Given information:
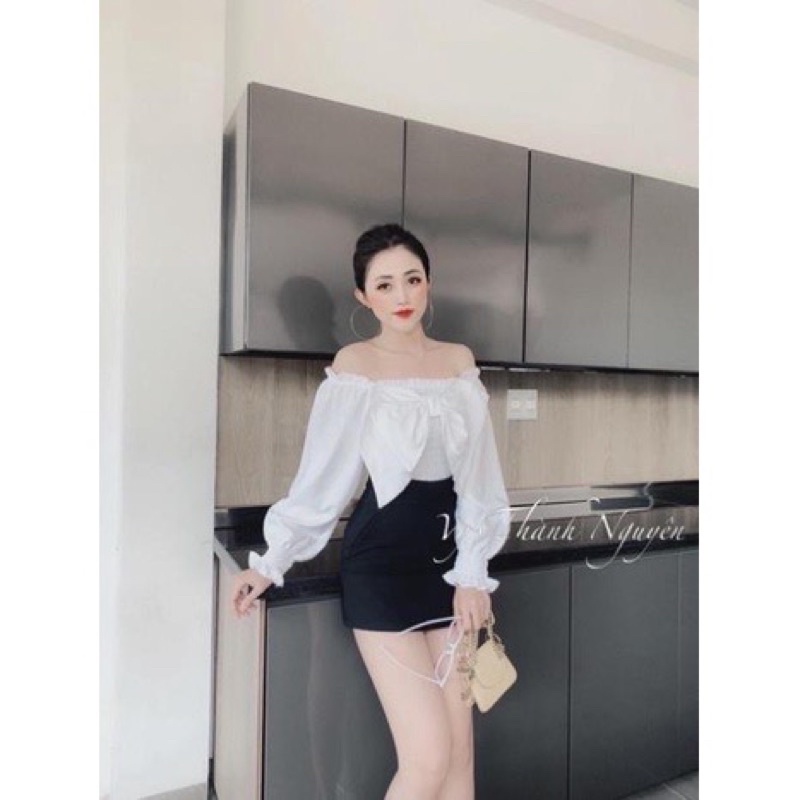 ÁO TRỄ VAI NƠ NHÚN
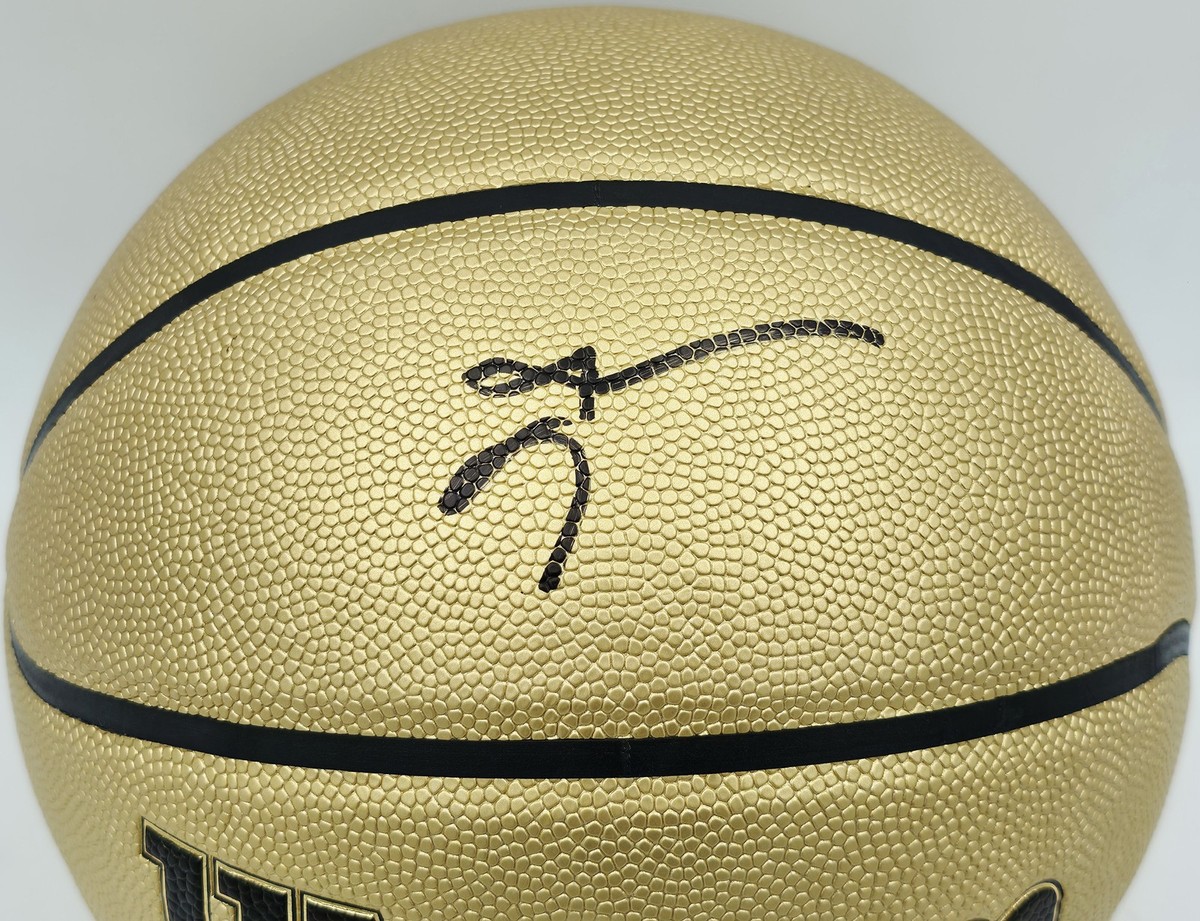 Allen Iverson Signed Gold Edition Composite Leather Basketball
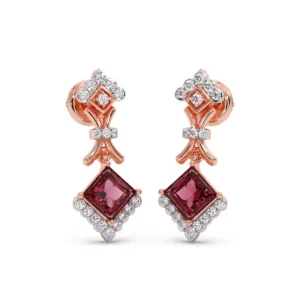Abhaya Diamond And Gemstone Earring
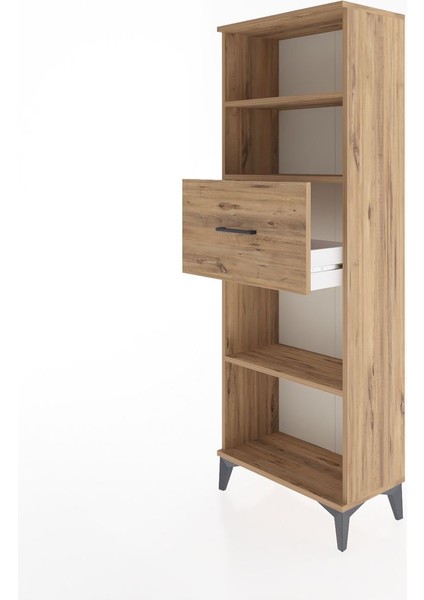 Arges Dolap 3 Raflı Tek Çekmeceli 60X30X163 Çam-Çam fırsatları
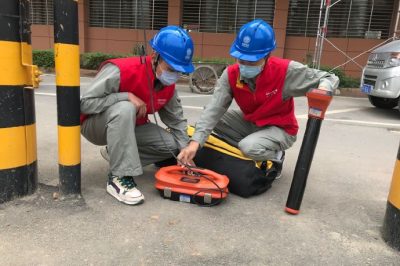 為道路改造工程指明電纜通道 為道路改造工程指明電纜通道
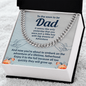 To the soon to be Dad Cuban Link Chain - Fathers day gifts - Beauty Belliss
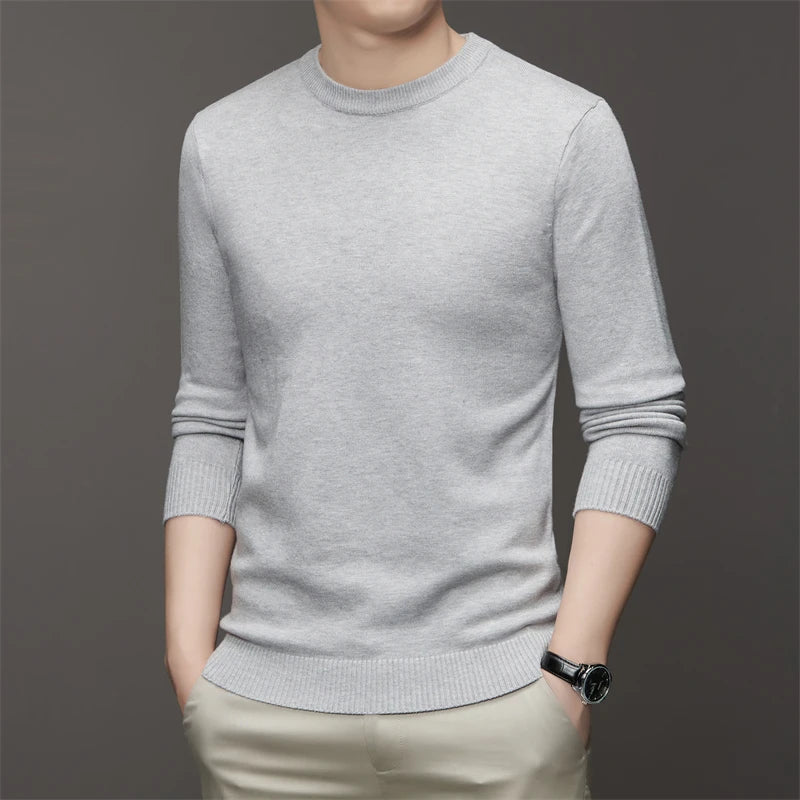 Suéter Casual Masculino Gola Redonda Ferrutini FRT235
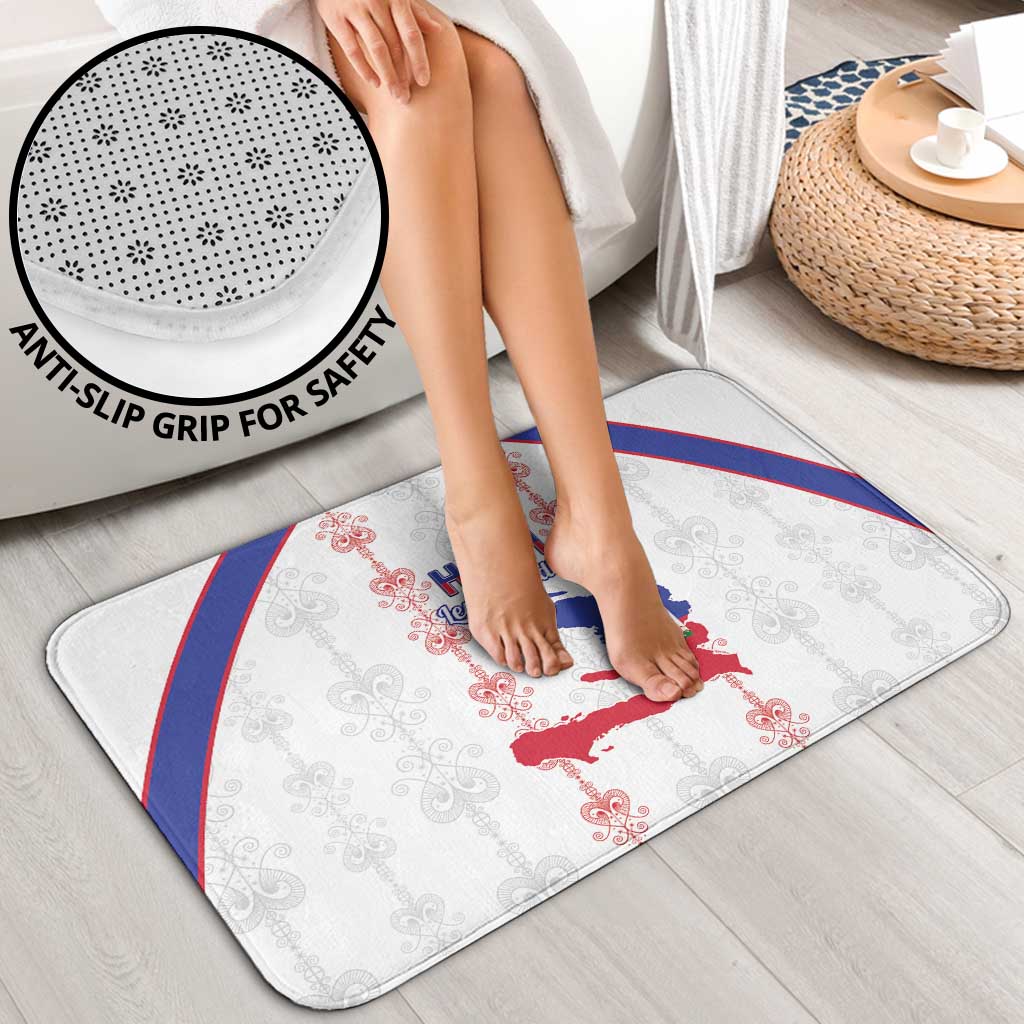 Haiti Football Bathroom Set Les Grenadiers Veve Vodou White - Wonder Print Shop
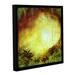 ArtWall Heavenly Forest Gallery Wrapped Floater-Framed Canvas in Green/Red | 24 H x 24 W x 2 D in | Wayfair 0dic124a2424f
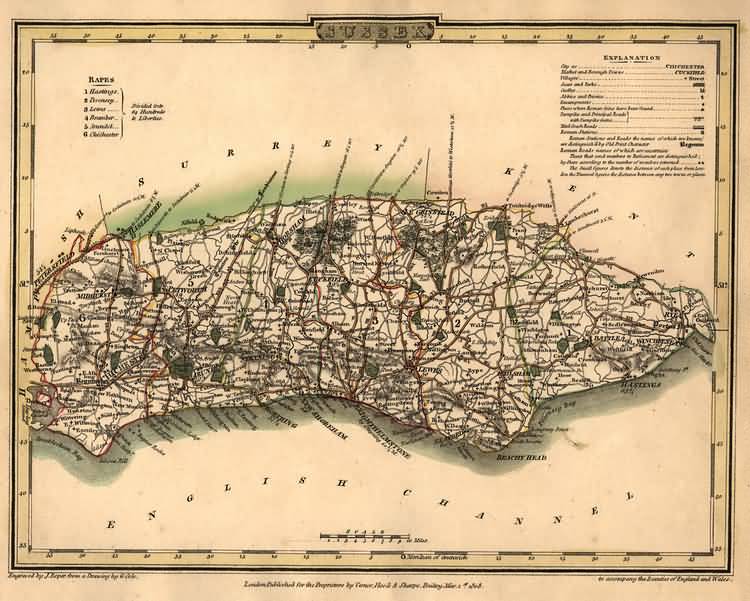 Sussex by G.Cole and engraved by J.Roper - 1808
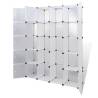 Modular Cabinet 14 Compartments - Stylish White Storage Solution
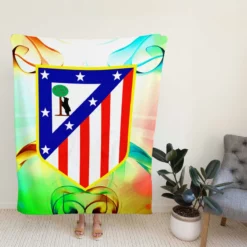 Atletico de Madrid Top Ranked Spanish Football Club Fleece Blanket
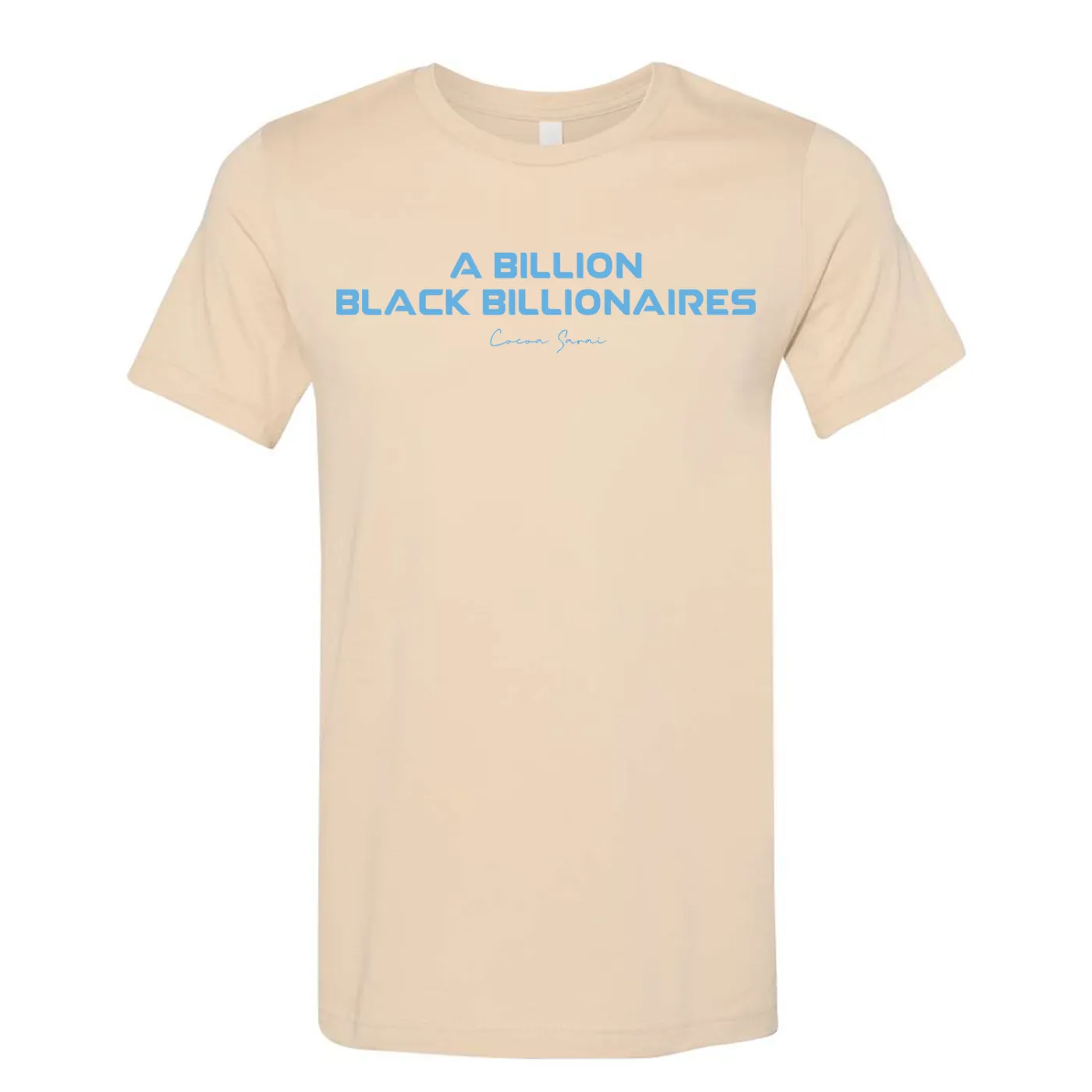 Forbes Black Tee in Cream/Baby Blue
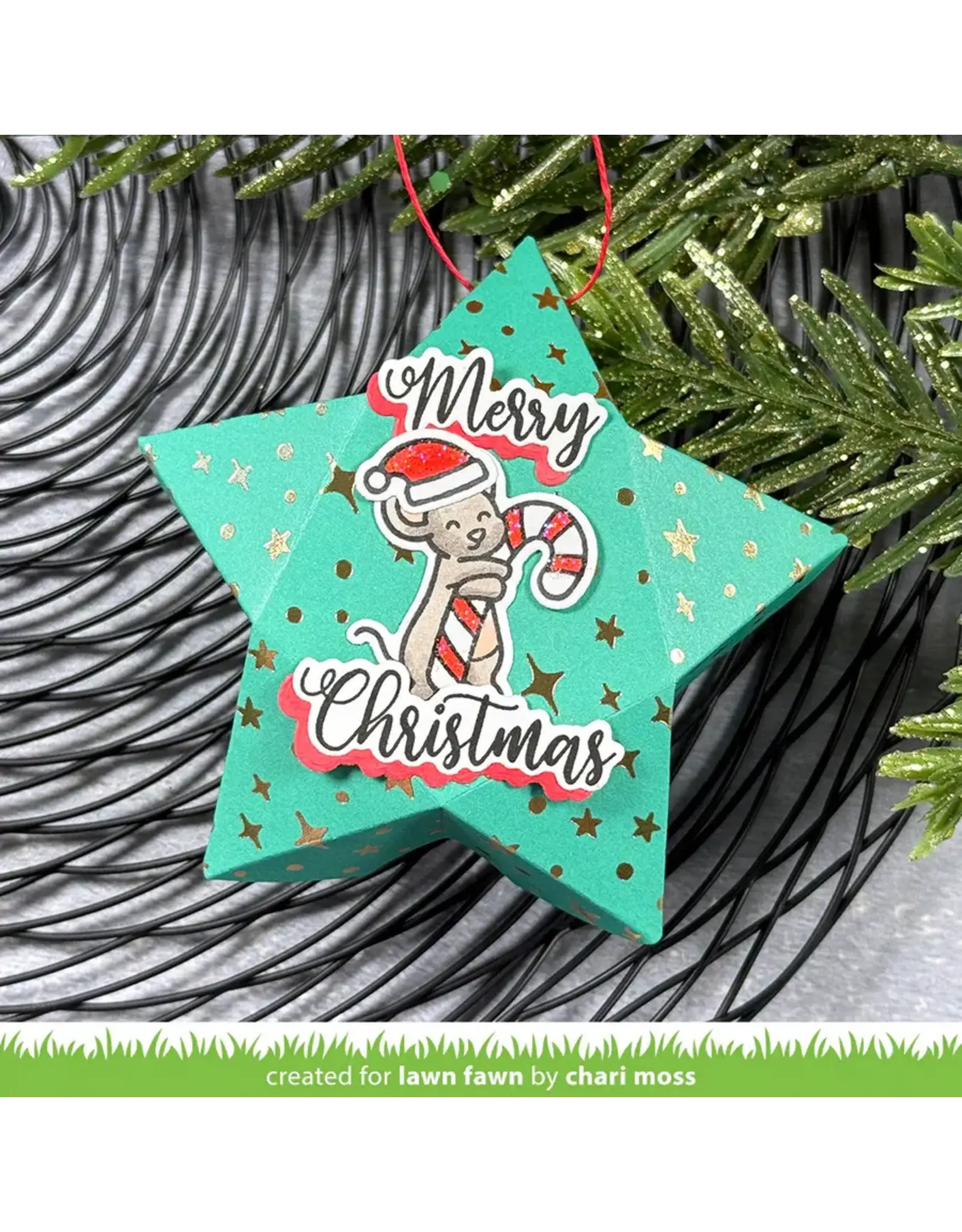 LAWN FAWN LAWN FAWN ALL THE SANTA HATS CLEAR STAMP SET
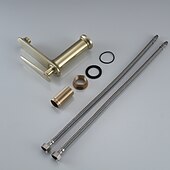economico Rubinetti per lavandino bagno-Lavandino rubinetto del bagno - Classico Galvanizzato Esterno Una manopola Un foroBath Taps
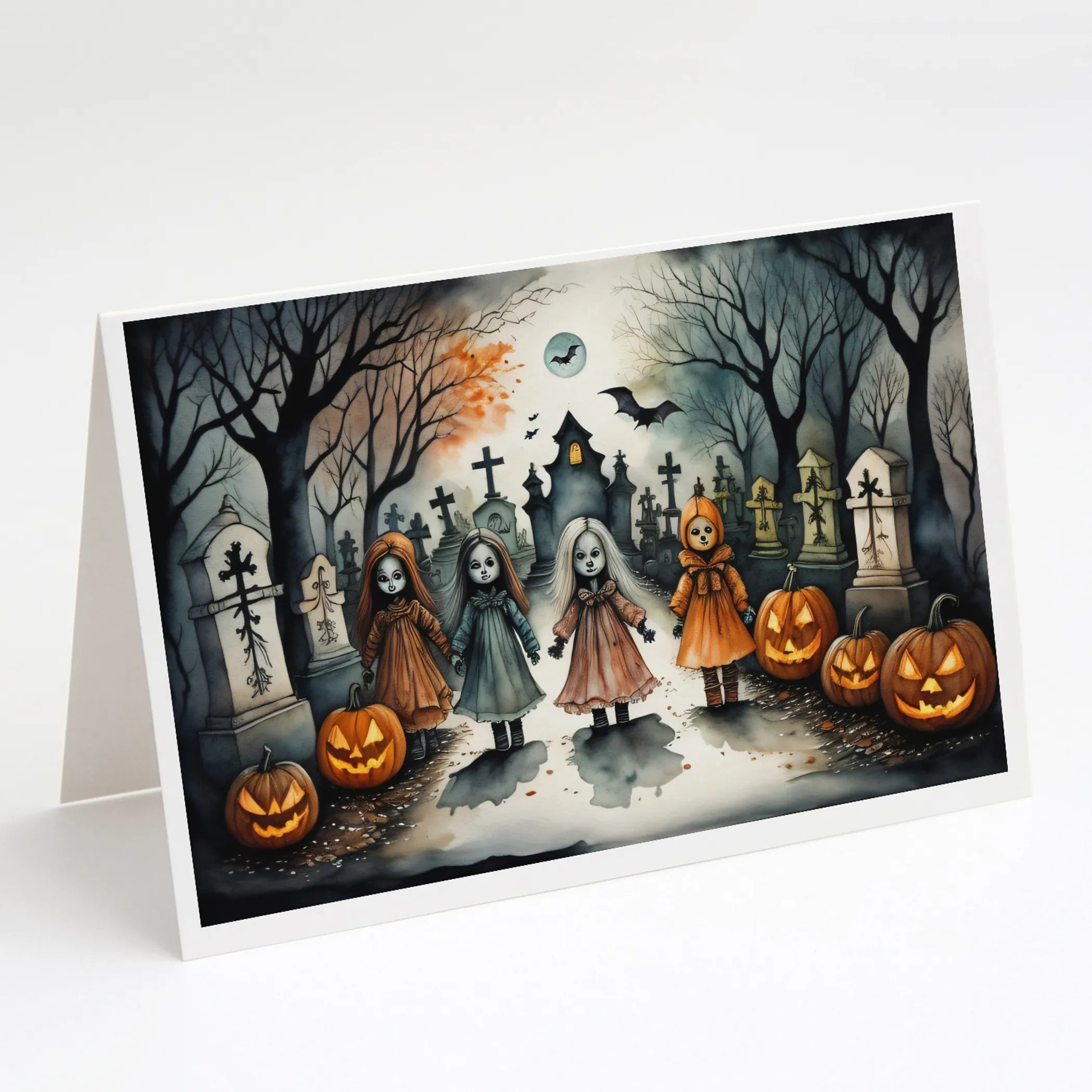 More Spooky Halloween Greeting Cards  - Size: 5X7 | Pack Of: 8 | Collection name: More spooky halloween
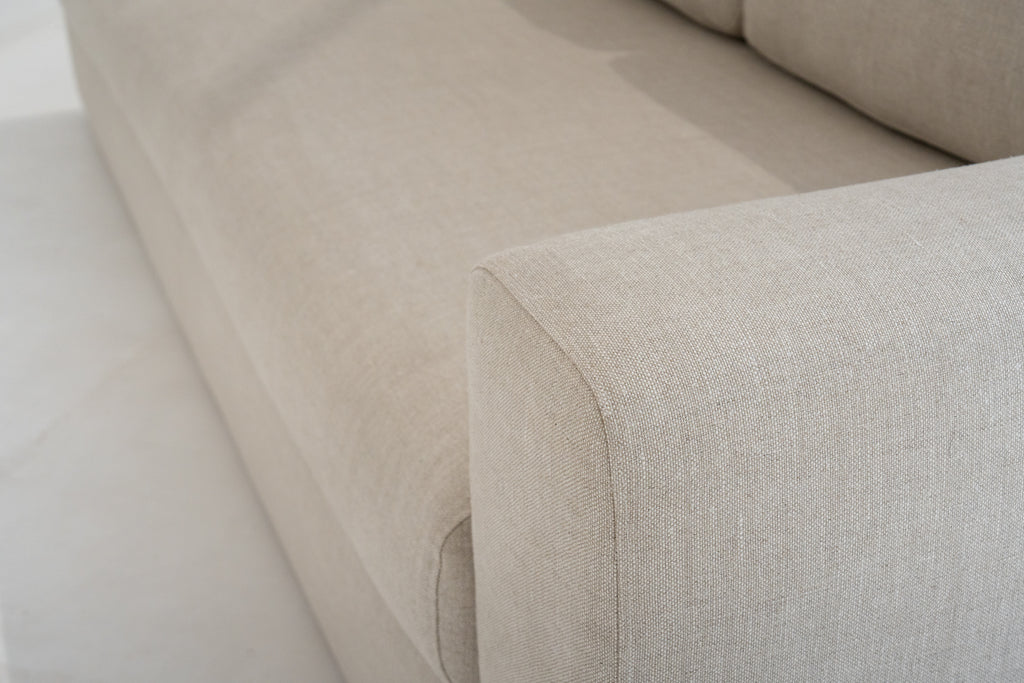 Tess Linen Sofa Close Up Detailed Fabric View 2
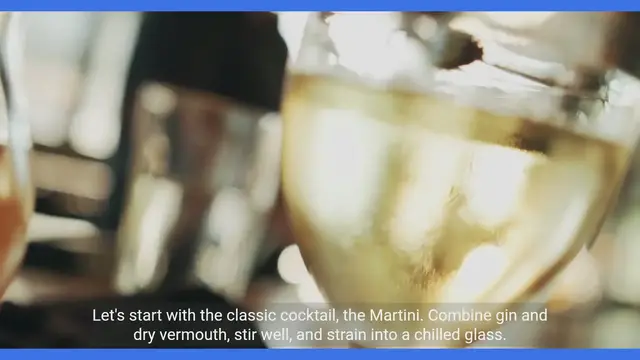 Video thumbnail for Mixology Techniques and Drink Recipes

Task description:
Working from the line that contains "為道路改造工程指明電纜通道 為道路改造工程指明電纜通道" to the last line of the listing, please quote each line exactly, pictures excluded.

Solution for this problem:
 為道路改造工程指明電纜通道 為道路改造工程指明電纜通道
 To the soon to be Dad Cuban Link Chain - Fathers day gifts - Beauty Belliss
 Suéter Casual Masculino Gola Redonda Ferrutini FRT235
 Haiti Football Bathroom Set Les Grenadiers Veve Vodou White - Wonder Print Shop
 ArtWall Heavenly Forest Gallery Wrapped Floater-Framed Canvas in Green/Red | 24 H x 24 W x 2 D in | Wayfair 0dic124a2424f
 Sussex by G.Cole and engraved by J.Roper - 1808
 Modular Cabinet 14 Compartments - Stylish White Storage Solution
 Atletico de Madrid Top Ranked Spanish Football Club Fleece Blanket
 Forbes Black Tee in Cream/Baby Blue
 LAWN FAWN LAWN FAWN ALL THE SANTA HATS CLEAR STAMP SET
economico Rubinetti per lavandino bagno-Lavandino rubinetto del bagno - Classico Galvanizzato Esterno Una manopola Un foroBath Taps
 More Spooky Halloween Greeting Cards  - Size: 5X7 | Pack Of: 8 | Collection name: More spooky halloween
 Tess Linen Sofa Close Up Detailed Fabric View 2
 Video thumbnail for Mixology Techniques and Drink Recipes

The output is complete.